What happened? When you pull the string taut it curves up over the top of the globe! That is, the straight line path from Minneapolis to Lyon isn’t the latitude line. In fact, when you leave Minneapolis along the straight line you’re going more north than east.

If you couldn’t find a globe, here is a plot of the flight path from Minneapolis-St. Paul to Saint-Exupéry airports. It looks curved, but that’s only because projecting the map onto a flat rectangle distorts sizes the closer you get to the poles. Really that’s the path your string would lie on if you actually carried out the experiment.

As a side note, we call latitude lines “parallels”, when they’re anything but. They aren’t even straight lines.

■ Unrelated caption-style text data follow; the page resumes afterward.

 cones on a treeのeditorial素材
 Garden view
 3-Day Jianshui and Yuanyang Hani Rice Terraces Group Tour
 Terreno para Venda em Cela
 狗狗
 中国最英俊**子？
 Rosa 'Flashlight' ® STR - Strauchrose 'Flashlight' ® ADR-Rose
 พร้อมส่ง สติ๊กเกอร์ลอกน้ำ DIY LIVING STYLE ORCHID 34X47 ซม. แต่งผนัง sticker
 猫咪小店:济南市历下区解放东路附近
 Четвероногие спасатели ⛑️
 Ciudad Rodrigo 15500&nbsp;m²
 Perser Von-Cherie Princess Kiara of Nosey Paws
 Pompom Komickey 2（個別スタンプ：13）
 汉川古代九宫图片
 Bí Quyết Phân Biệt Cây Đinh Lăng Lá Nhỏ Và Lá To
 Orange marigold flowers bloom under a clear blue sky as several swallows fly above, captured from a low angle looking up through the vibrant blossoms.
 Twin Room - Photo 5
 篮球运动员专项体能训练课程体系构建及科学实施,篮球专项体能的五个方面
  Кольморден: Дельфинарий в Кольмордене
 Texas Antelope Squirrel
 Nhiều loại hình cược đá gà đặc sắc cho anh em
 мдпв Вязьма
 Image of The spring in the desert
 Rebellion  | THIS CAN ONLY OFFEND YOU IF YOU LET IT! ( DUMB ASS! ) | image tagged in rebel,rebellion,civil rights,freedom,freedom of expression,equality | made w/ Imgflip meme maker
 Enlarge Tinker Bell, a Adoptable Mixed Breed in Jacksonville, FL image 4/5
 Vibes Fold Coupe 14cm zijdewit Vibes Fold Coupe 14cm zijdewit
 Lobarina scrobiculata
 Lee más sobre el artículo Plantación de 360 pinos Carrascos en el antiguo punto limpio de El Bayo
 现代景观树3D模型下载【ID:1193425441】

In fact, there aren’t any parallel straight lines on the Earth’s surface!

35

So are longitude lines straight?

36

Yes, longitude lines are perfectly straight north and south.

37

Well, thank heavens I got *something * right! :smiley:

38

Well, I think it could be best, for this case, for your purposes, not to try to understand how it could be, but rather, just understand what it means to say that it’s true. (I actually think you already understand that. I think you get that objects moving in a straight line don’t necessarily end up the same distance from each other. I think what you’re having trouble with is understanding how this could be.)

Since the description of our space that I gave can also be said about curved surfaces, scientists refer to our space as curved. I can see two ways to interpret this. We might interpret this as a hypothesis that explains this behavior in terms of 3-d space being curved within a higher dimensional space. Or else, we might interpret it, not as a hypothesis, but simply as a terminological stipulation. This property of the space we live in–the property that objects moving in a straight line might not end up the same distance from each other–we will term space’s “curvature.”

What scientists are doing, it seems to me, is less like the “hypothesis” and more like the “terminological stipulation.” And if I’m right about that, it might be best simply to drop the analogy that’s been discussed in this thread. What’s going on is called “curvature” but it might not really be referring to any kind of curvature you and I are familiar with in everyday life. It has certain properties that are like properties of curvature, but it’s not really the same thing. (Because for you and me in everyday life, curvature does require embeddedness in a higher dimensional space.) For that reason, I think it could be a good idea to drop the notion of “curvature” altogether, and simply look at the facts that term is supposed to stand for. Call it space’s “warpedness” or space’s “weirdness” if you like. :stuck_out_tongue:

-FrL-

39

And I do accept that it’s true. I can even say a few sentences to that effect. But unlike low level algebra, which makes sense down to the very core of my being and resonates with me such that I feel I truly understand it (even if I would only be able to say “because it *has * to work that way, don’t you see?!” - I’m not a good teacher!), or if-then-else type things, or any number of things that I actually do feel (perhaps incorrectly) that I actually understand, to me this one is more like the concept of a supernatural being or something like that.

I trust this stuff more than I trust that god exists because thus far this stuff has been shown to work pretty well, and because humanity had so many motivations for inventing religion that don’t apply to multi-dimensional space. But it still comes down to taking things on faith, and I’ve never been all that comfortable doing that. But fortunately I do have a happy capacity for ignoring things I don’t want to think about, so I think I’ll just ignore the whole business, except to nod my head sagely when I hear that “space is curved.”

40

Maybe I could have phrased that better. When I said “accept” I meant more like “understand”, though not quite that either.

I blame my training. Mathematicians presenting an argument will use “accept” in this sense. We know there’s a difference between “believe it’s true” and “accept the line of reasoning”, but we just gloss over it in our own language.